A report on India’s unicorns by mid-stage investment firm Iron Pillar has revealed that the country has, in the last decade, seen the birth of more than 59 companies valued at over $1 billion.
Of these, 26 were global cloud startups built out of India, 25 were B2C companies, and eight were B2B companies. The first startup to enter the unicorn status was Inmobi in 2011, and more than 30 new unicorns were created in 2019 and 2020. Almost 50 percent of unicorns took over five years from the first funding to reach unicorn status.
In the past decade, $280 billion in value has been created by Indian unicorns and $80 billion was distributed to the investors.
The Iron Pillar Unicorn Report also stated that India will have more than 150 unicorns by 2025.
In a conversation with YourStory, Anand Prasanna, Managing Partner, Iron Pillar, spoke about the key findings of the report, what has changed in the past few years in the Indian startup ecosystem, and what founders and core teams must keep in mind.
Edited excerpts from the interview:
YourStory (YS): What were the key findings of the report and what does this indicate for the future?
Anand Prasanna (AP): The one key finding for us is the number of global cloud/SaaS unicorns being built from India. Also, with extremely high margins, these companies provide superior returns to capital invested for investors.
They are also faster to IPO/M&A, creating more knowledge and economic capital in the ecosystem and creating even more startups. This will lead to a massive increase in the number of global cloud/SaaS companies built from India over this decade.
YS: What has changed in the Indian startup ecosystem in the past five years? And how has that aided in better funding opportunities and valuations for startups?
AP: Confidence is the single biggest thing that changed. Close to five years back, many good founders were okay with creating a few $100 million outcomes and that was a big deal. But today, good founders don’t want to aim at anything below $1 billion outcomes. A deacon is the one to aspire for. This was fuelled by a positive cycle of initial big outcomes, which attracted even more capital and great people to the startup ecosystem. This drove significant growth in enterprise value creation by Indian startups.
YS: What changed during the pandemic and which of those changes will be permanent?
AP: Adoption of tech in our day-to-day lives, both in enterprises and consumer, changed permanently during the pandemic. Things which were ‘good to have’, became ‘must-have’ or ‘mission-critical’. It also showed us, especially in the enterprise context, that a lot of things can be done in a different way, more efficiently and in a cost-effective manner.

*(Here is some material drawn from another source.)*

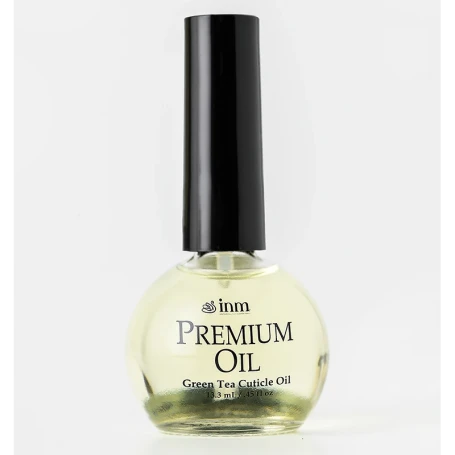 Масло для кутикулы с ароматом зеленого чая / Premium Green Tea Cuticle Oil 15 мл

Things like a cloud-first approach to running most businesses are permanent and are here to stay now.
In terms of funding, tech was a big winner during the pandemic, and the larger share of capital allocation to technology investment opportunities will continue. Valuations on the other hand will see ups and downs. The current valuation multiples are not long-term sustainable and they will revert as opportunities mature.
YS: Tell us the key things founders and core teams of startups need to keep in mind to create better value and valuations?
AP: After giving due respect to the part that luck plays in eventual outcomes, I would say that the key thing is not to overly focus on valuation but on creating real value to customers in a genuinely large space. Always free up your time to work on growing things 10x from where you are by surrounding yourselves with great team members who can execute with trust.
YS: What advice would you like to give entrepreneurs?
AP: Build to win the world, not just India.